*WHAT TO DO*. The task calls for the line containing "A|wear Women’s Blue" and all later lines, through the end of the entries below, to be set down exactly and without pictures.

··· DATA EXTRACTS ···

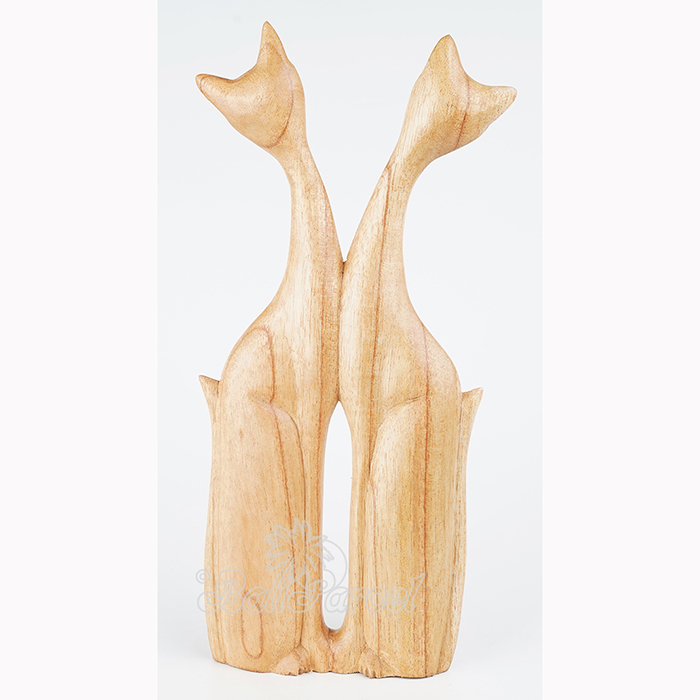 Wooden Cat, Handmade From Hibiscus Wood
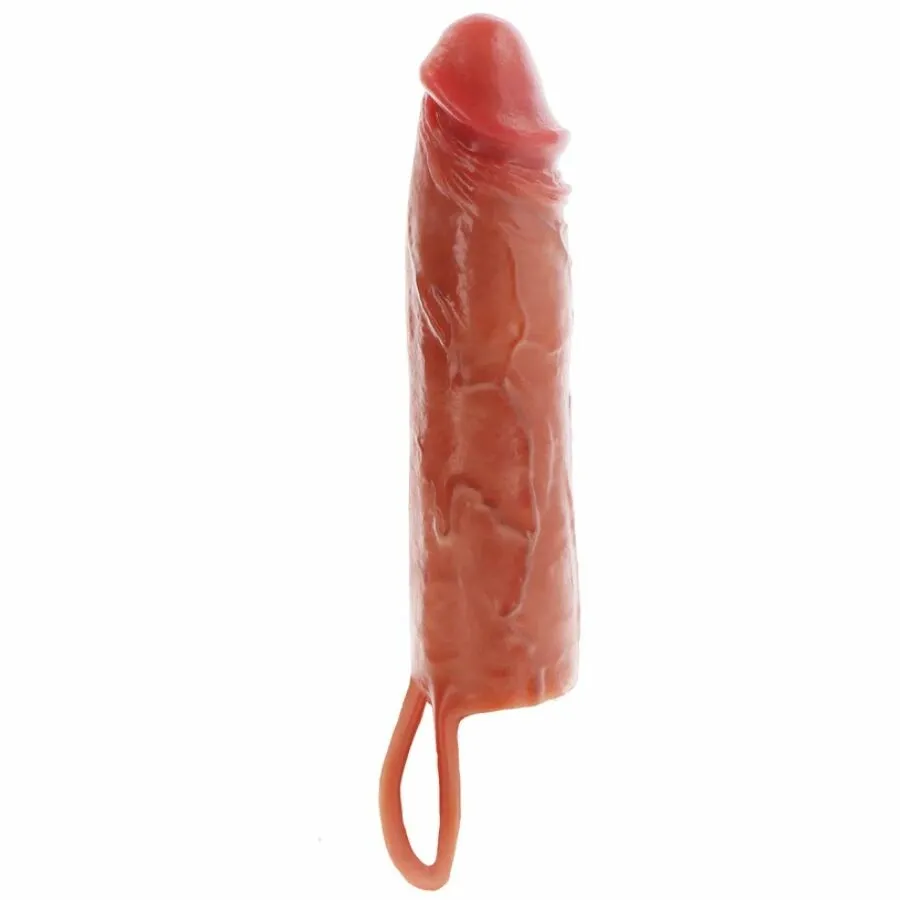 Silikonový návlek na penis Get Real Hydrated Skin, karamelový, 20 cm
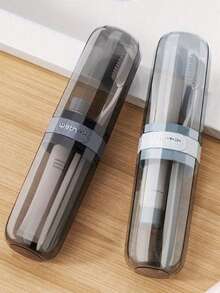 1件旅行洗漱杯便携式牙刷牙杯牙具收纳盒旅行用品漱口杯神器牙刷套装带旅行装漱口杯和透明收纳盒旅行必需品DIY贴纸（字母贴纸在牙刷盒里面，需要自己粘贴）旅行必需品旅行配件度假暑假返校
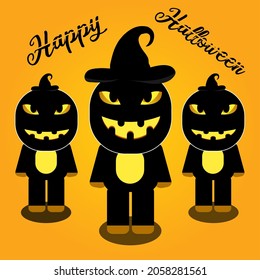 Happy Halloween, Monster design to celebrate Halloween day, Lettered design, Illustration.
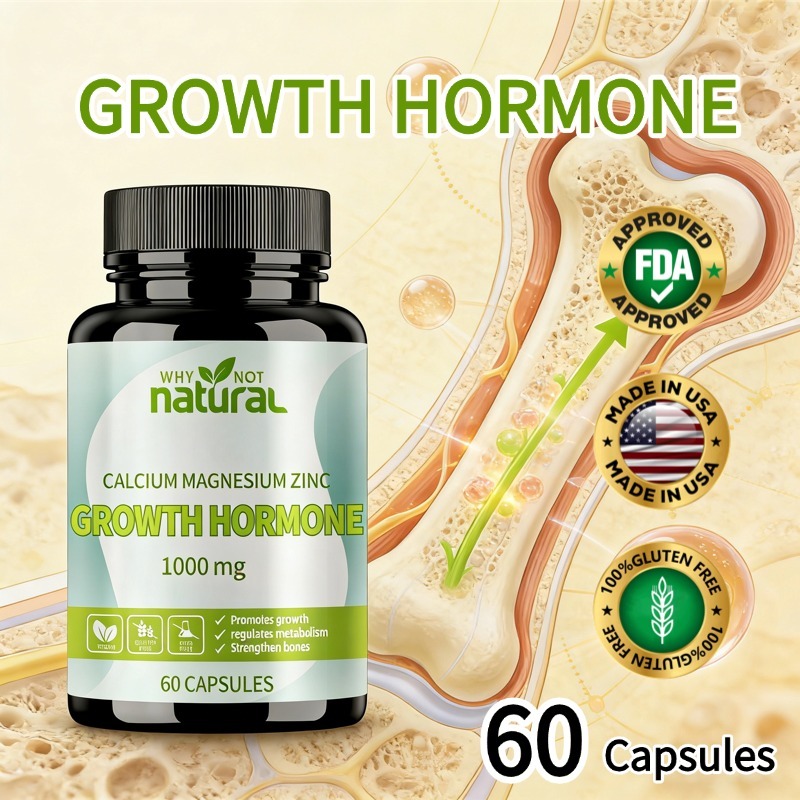 Suplemen Hormon Pertumbuhan: 80mcg (3000 IU) Vitamin D3 + 400mg kalsium, mendukung perkembangan & pe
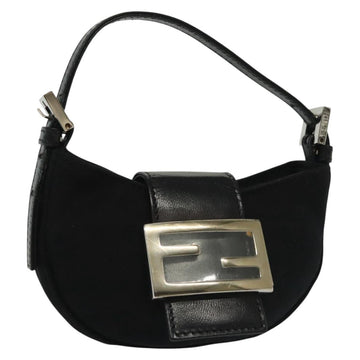 FENDI Mini Croissant Hand Bag Nylon Black Silver Auth 136308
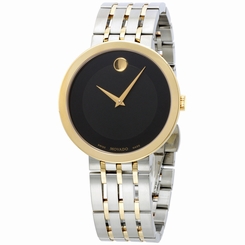 Movado Esperanza Black Dial Two Tone Stainless Steel Men's Watch 0607058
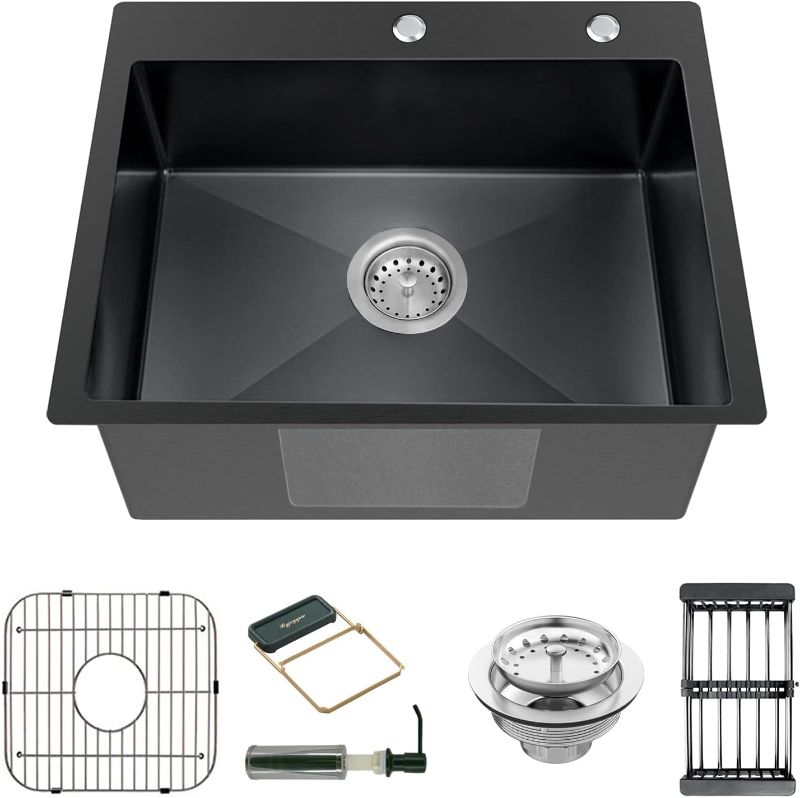 Photo 1 of Black Kitchen Sink, Stainless Steel Topmount Bar Sink 22x18x9 Inch Single Bowl Drop In Kitchen Sink Combo-Sink Grid,Soap Dispenser,Drain Basket,Strainer...
Model:22x18In Black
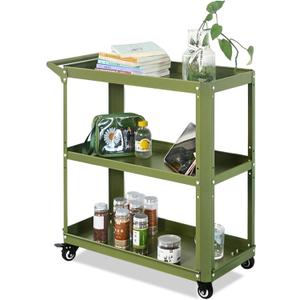 XCX 3 Tier Metal Utility Rolling Cart with Wheels, Green, 13.6"D x 27.5"W x 31.5"H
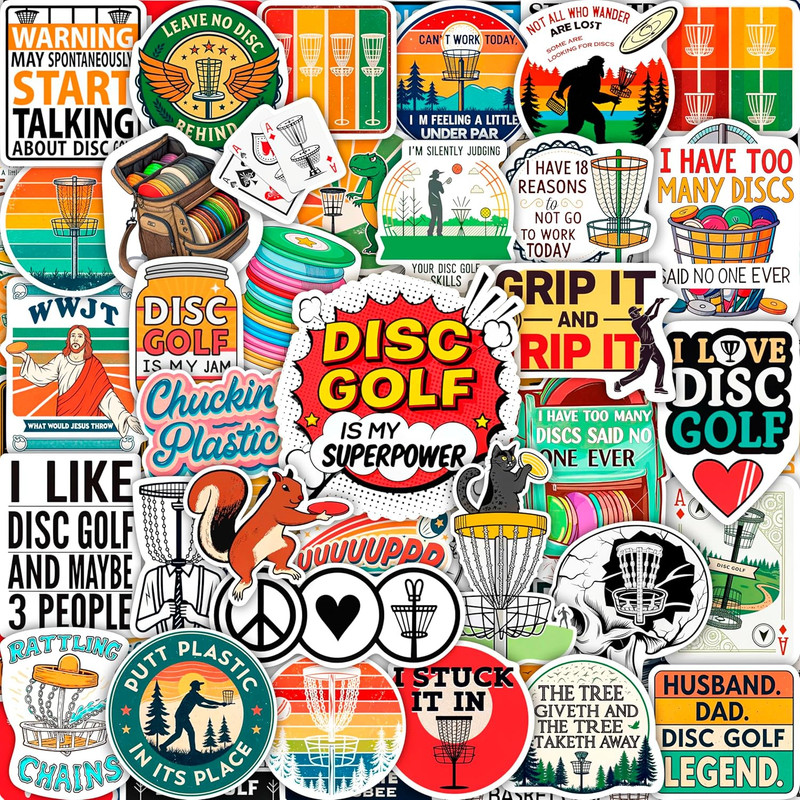 100Pcs Disc Golf Stickers Decals for Water Bottles – Disc Golf Gifts, Party Supp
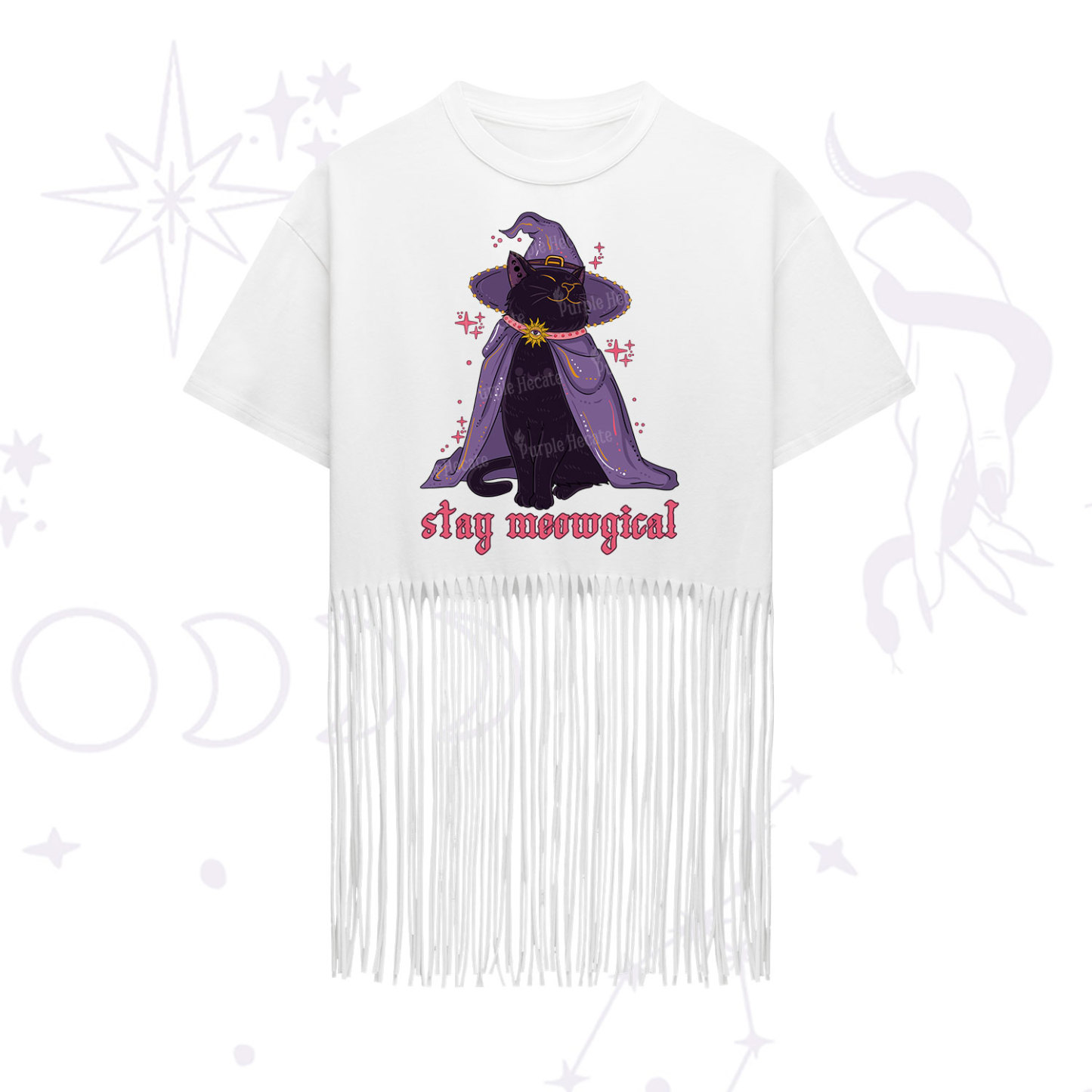 Purplehecate Stay Meowgical Cat Fringe Hem T-Shirt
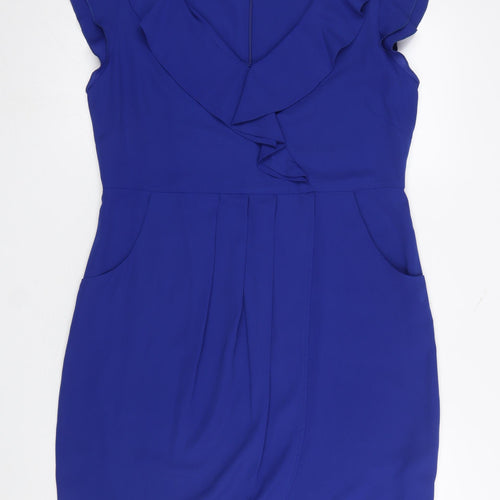 A|wear Women’s Blue Short Sleeve Frill Shift Dress Size 16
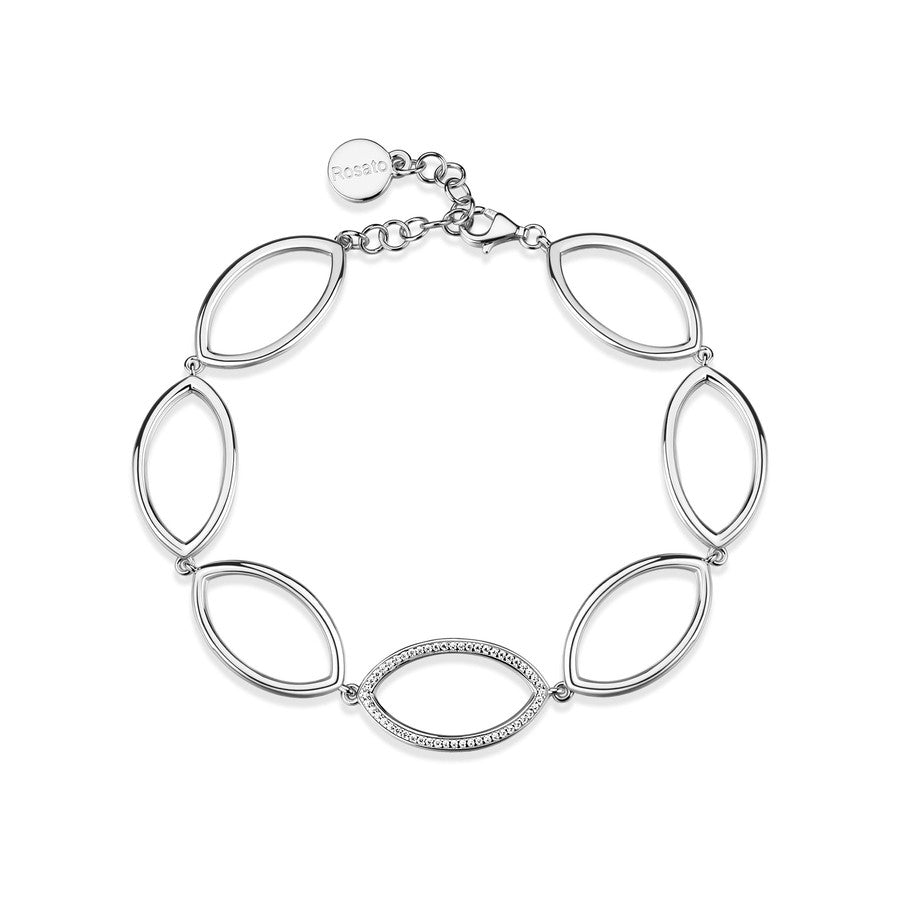 Bracciale morbido in argento 925‰, 52 cubic zirconia bianchi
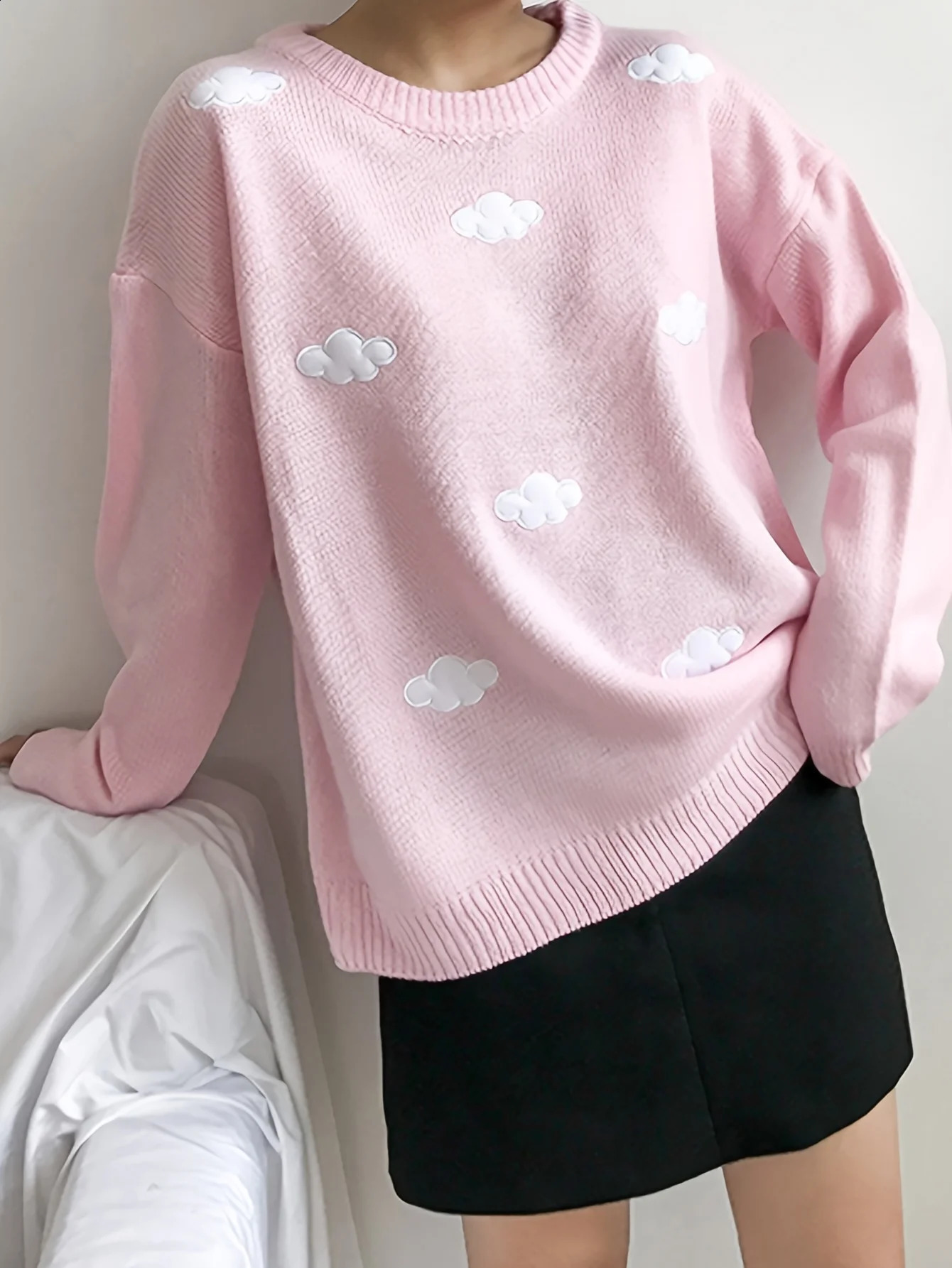 Womens Cute Cloud Embroidered Pullover Knit Sweater Winter Kawaii Preppy Style Crew Neck Knit Sweaters for Female 240812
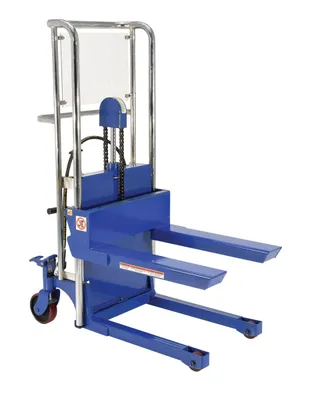 Vestil HYD-5-AIR pallet stacker shown from an alternate angle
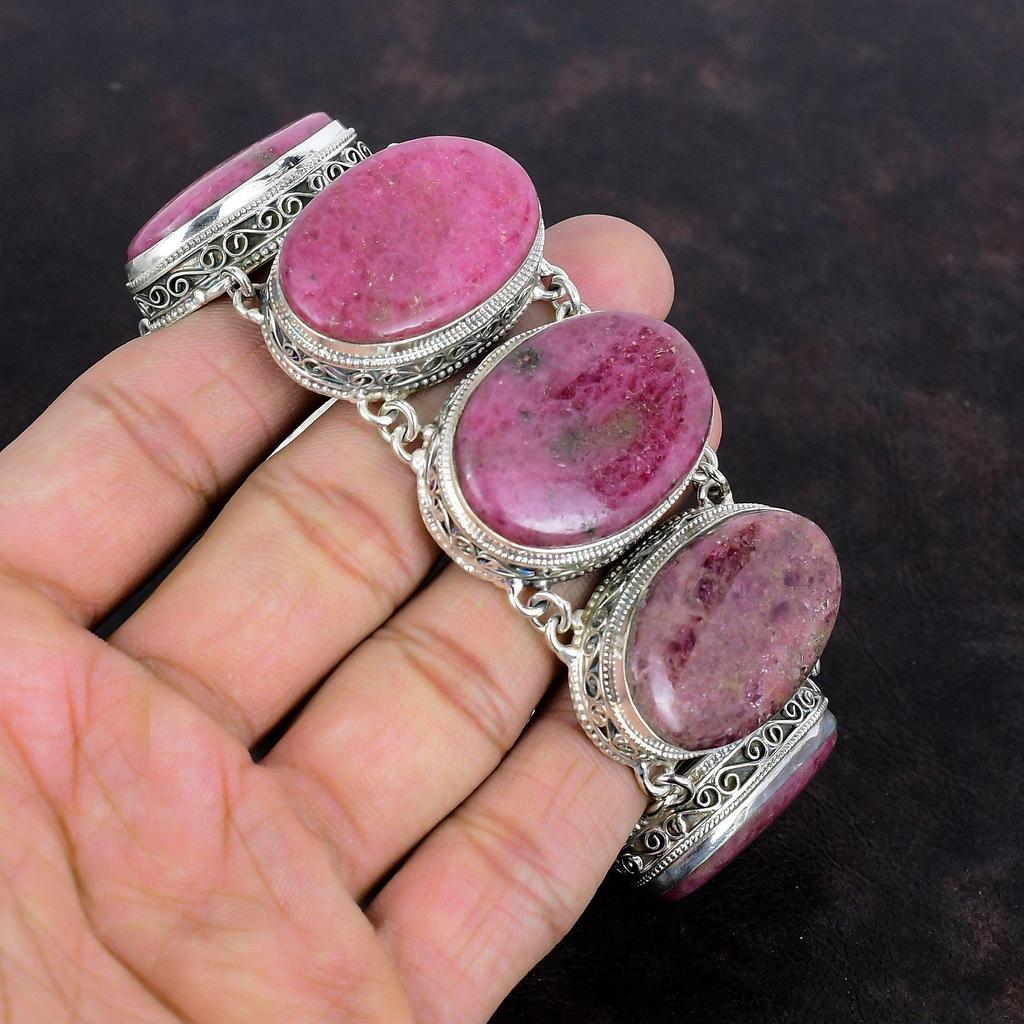 Rhodonite Gemstone Bracelet 925 Sterling Silver Bracelet Handmade Jewelry Adjustable Chain Bracelet Gifts For Mother Vintage Design Bracelet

···

*EXERCISE OUTPUT*.
 A|wear Women’s Blue Short Sleeve Frill Shift Dress Size 16
 Bracciale morbido in argento 925‰, 52 cubic zirconia bianchi
 Womens Cute Cloud Embroidered Pullover Knit Sweater Winter Kawaii Preppy Style Crew Neck Knit Sweaters for Female 240812
 Vestil HYD-5-AIR pallet stacker shown from an alternate angle
 Rhodonite Gemstone Bracelet 925 Sterling Silver Bracelet Handmade Jewelry Adjustable Chain Bracelet Gifts For Mother Vintage Design Bracelet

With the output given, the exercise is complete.